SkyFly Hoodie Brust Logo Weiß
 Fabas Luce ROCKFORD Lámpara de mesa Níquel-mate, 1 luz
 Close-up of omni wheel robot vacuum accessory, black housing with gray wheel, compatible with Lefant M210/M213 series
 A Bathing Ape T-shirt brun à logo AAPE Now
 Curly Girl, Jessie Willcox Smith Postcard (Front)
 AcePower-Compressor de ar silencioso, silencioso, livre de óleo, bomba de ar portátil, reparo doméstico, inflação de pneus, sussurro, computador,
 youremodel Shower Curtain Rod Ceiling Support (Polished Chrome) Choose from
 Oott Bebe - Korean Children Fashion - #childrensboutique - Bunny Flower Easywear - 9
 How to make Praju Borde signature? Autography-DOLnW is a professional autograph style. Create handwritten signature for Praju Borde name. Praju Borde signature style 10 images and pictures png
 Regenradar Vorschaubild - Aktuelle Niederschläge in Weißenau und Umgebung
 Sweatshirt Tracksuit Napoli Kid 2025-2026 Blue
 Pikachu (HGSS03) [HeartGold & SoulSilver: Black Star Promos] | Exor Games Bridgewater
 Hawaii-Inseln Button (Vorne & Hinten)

########

What to work on: Give again, exactly as written, the lines running from the first line of the data above through the line that contains "Curly Girl, Jessie".

Output:
SkyFly Hoodie Brust Logo Weiß
 Fabas Luce ROCKFORD Lámpara de mesa Níquel-mate, 1 luz
 Close-up of omni wheel robot vacuum accessory, black housing with gray wheel, compatible with Lefant M210/M213 series
 A Bathing Ape T-shirt brun à logo AAPE Now
 Curly Girl, Jessie Willcox Smith Postcard (Front)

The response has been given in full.